The key word here, of course, is “seek.” In this case seek and ye shall not find. Knowing none the better I had the Wall Street brain fart and decided to buy in.
Based on the advisors that I read and trust, this looked like a pretty good investment vehicle to me. Oil, which I fully believed would rebound, was in the proverbial toilet, trading in the $30 to $40 dollar range after peaking at $140 just a few months before. Gold, one of the few investments where you have an asset without a commensurate liability, was in the doldrums trading water. Jim Rogers was pounding the table that silver was a better investment than gold.
So what better way to cherry pick the obvious over-reaction of the market than to go long on the ETFs for these commodities. Long, as you must surely know, means you are expecting the value to go up. What could go wrong?
First, let me dazzle you with my brilliance. On the day that I bought the oil ETF, just under four months ago, the underlying commodity finished the day at $35.30. Today it was $51.00. That is a $15.70 increase in just under four months a 44% increase. Annualized, it comes out to about a 144% gain.
Gold was $897 on the day I bought the gold ETF which is just over two months ago . Today its $952.60. Annualized, it comes out to just under 75%. Silver didn’t fare as well. It was $13.00 when I bought in just over a month ago and only $13.60 right now so I’m only up $0.60. This translates to 55% per year.
Now let me tell you about the Lamborghini and villa on the French Riviera that I am about to buy. Provided I get a bailout or go to work for Goldman Saks.
According to my online broker, having ditched the high priced guys, I would have come out better, much better, with the mattress. Gold, having gone up at the staggering pace of 75% per year ince then, has only yielded a profit in the ETF of 5.25%. And that’s one of the good ones!
Silver popped up at a 55% pace – but I’m showing a gain of 13.81 %. Not terrible, but not at all in accord with the promised land I had believed in at the outset.

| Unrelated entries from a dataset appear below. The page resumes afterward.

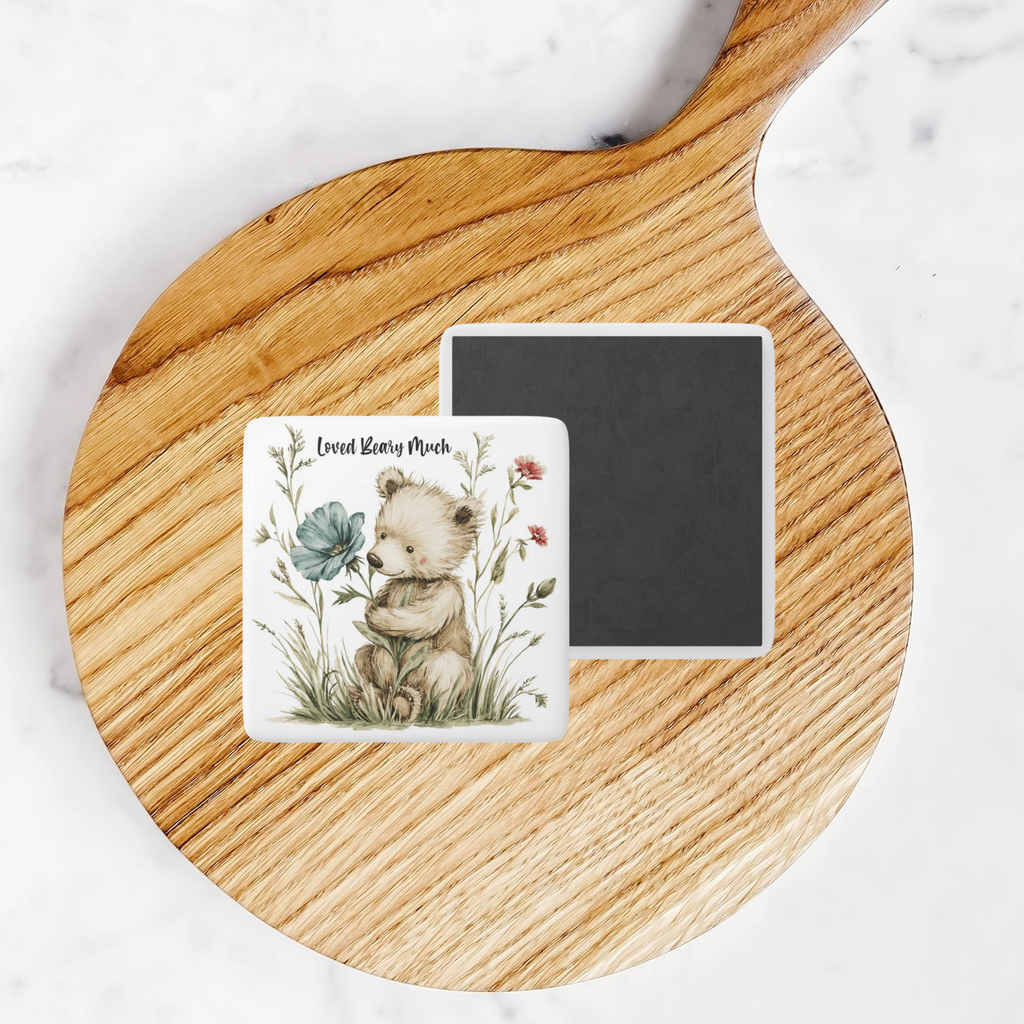 Two square magnets on a wooden board with one featuring a bear and flowers design.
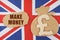 On the flag of Great Britain, a bag with a money symbol and a cardboard with the inscription - MAKE MONEY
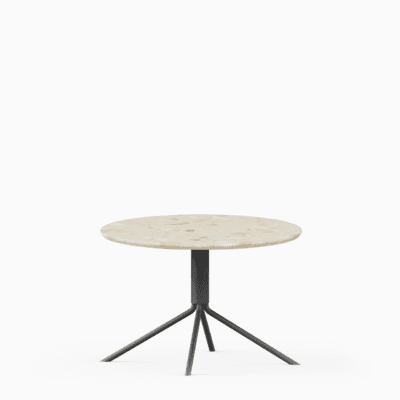 Round terrazzo table with speckled stone top and green aluminium base.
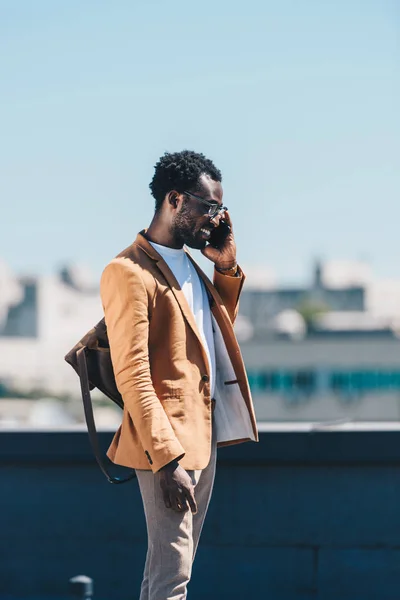 Homem de negócios americano africano elegante falando no smartphone e sorrindo no telhado — Fotografia de Stock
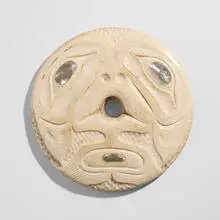Tlingit, Spindle whorl with carved face, bone, mother-of-pearl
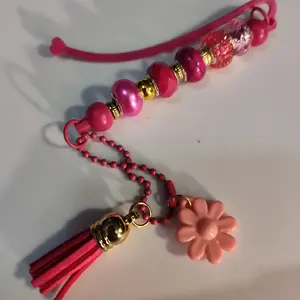 Pink Beaded Bookmarker with Pink Beads, Flower Charm, and Tassels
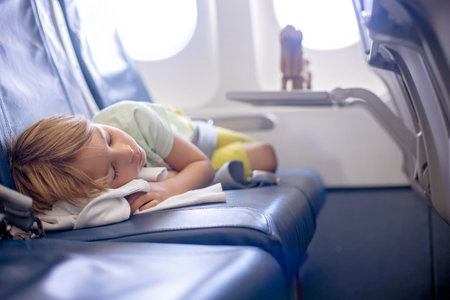 Cute preschool child, boy, flying on a long distant flight, sleeping in the airplaneの写真素材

Yet the big winner was oil so it will all even itself out. Or so I thought. My oil ETF, my big winner so far with a monster 144% annualized return, is down 12.06%. You read that right – DOWN. If this “seeks” to reflect the performance of actual oil, it fails. - miserably. They all fail big time. While it looks a little better to see green numbers than red numbers, the risks have not been rewarded on a single one of these things. I have guessed right, put my money down, waited for the future to unfold just as I predicted it would, and got screwed.
Oil is now at its highest point since I bought in. It’s been setting new highs almost daily. So how in the name of all things good and holy, can the ETF be DOWN 12%? Let’s face it – 12% is a pretty big loss to swallow when things are going south. Yet it’s hard to believe that, the one thing that has skyrocketed forward is still a loser. Thank God it didn’t go up any more or I could be bankrupt I guess.

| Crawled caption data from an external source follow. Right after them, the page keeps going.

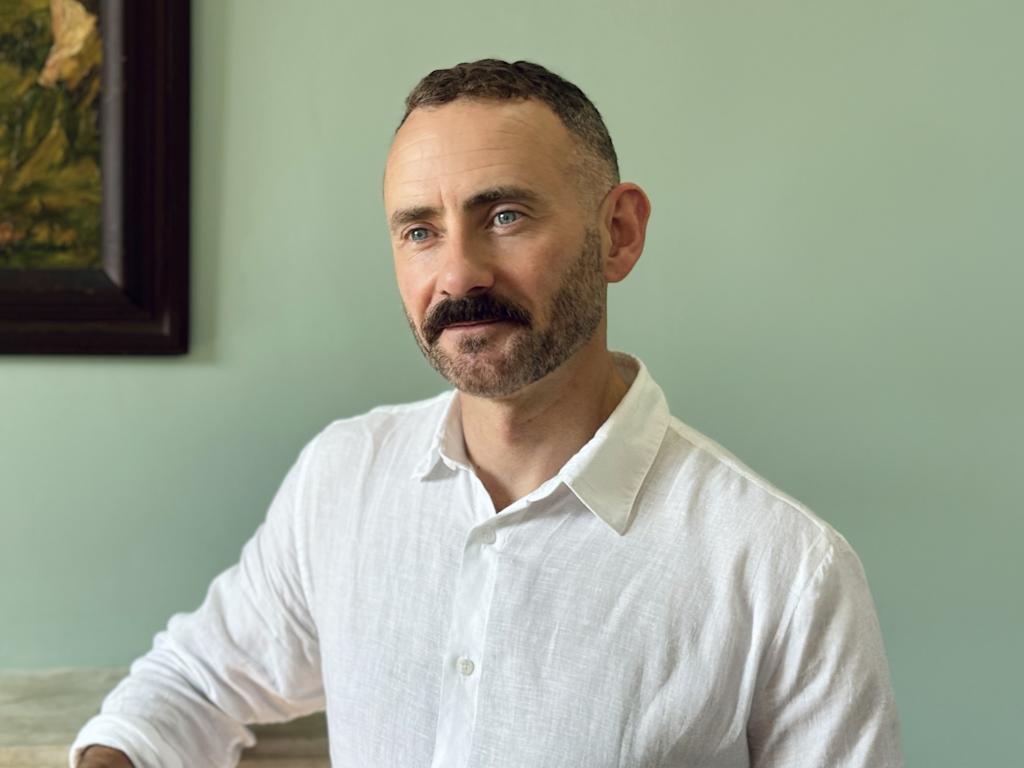 Eamon McCrory, Chief Executive of Anna Freud, photographed facing forward and looking to the side.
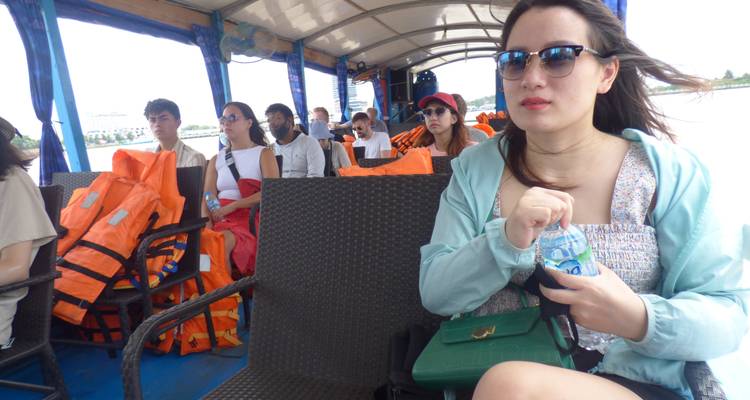 Grupo de turistas sentados en un bote con chalecos salvavidas y vista escénica del río.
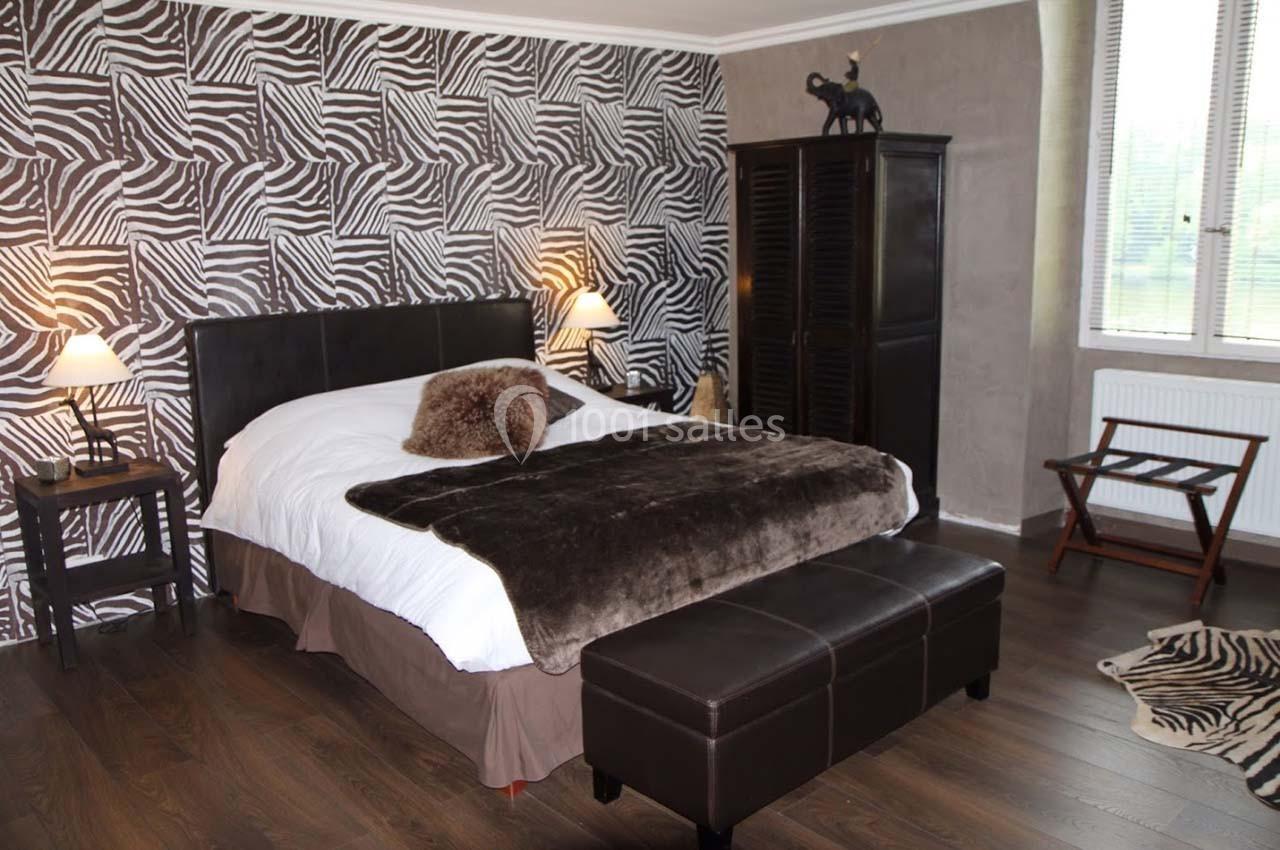 Chambre avec lit double, couvre-lit en fourrure, murs à motif zébré, mobilier sombre et lumière tamisée.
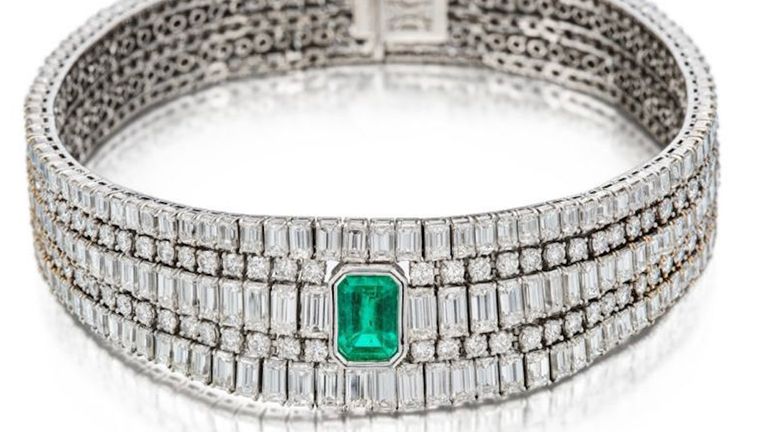 This Boucheron emerald and diamond necklace was among the items taken. Pic: Met Police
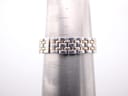 Watch bracelet on a sizing cone, showing wrist fit measurement.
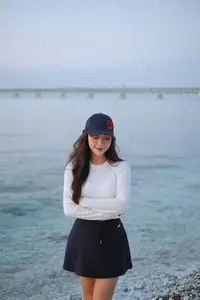 Dreamy Sunset by the Sea: Young Woman Relaxing and Gazing-6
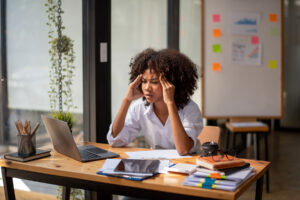 woman with head in hands considers stress management techniques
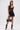 A woman poses against a plain white background wearing high-waisted GOING OUT LACE TRIM LEATHER SHORTS, a black lace bodysuit, lace-up heeled boots, large hoop earrings, and holding a black handbag with gold accents.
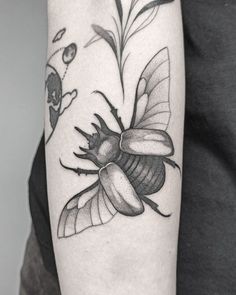 a black and white photo of a bee on the arm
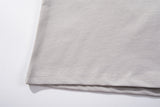 DAXUEN Oversized short-sleeved T-shirt with layered neckline design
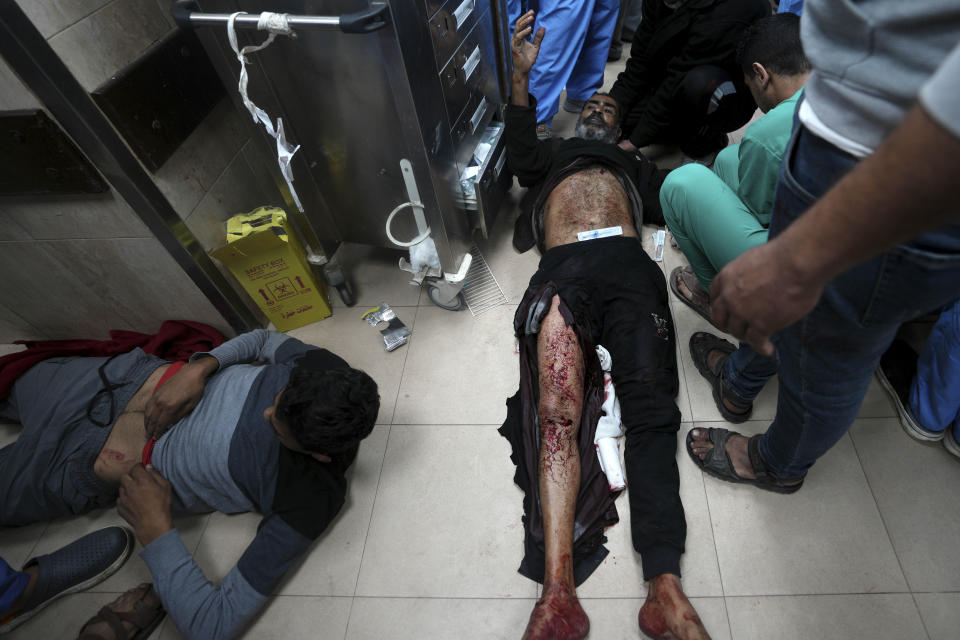 Palestinians wounded in the Israeli bombardment of the Gaza Strip are brought to the hospital in Deir al Balah, Gaza Strip, on Sunday, Dec. 24, 2023. (AP Photo/Adel Hana)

From the standpoint of the underlying commodity I should be seeing fantastic returns in each of these. Yet, overall, I am barely breaking even. If that’s the case, then who are the winners? What pocket did my money go into? If you are doing absolutely everything right on a risky investment that promises great returns for the lucky ones, how do you come away with less money than you started with?
There will be plenty of market double speak. The EBIDA of the P/E was misaligned in the short yield curve or some similar nonsense that essentially means “screw you buddy. We’ve got your money and we aren’t giving it back.”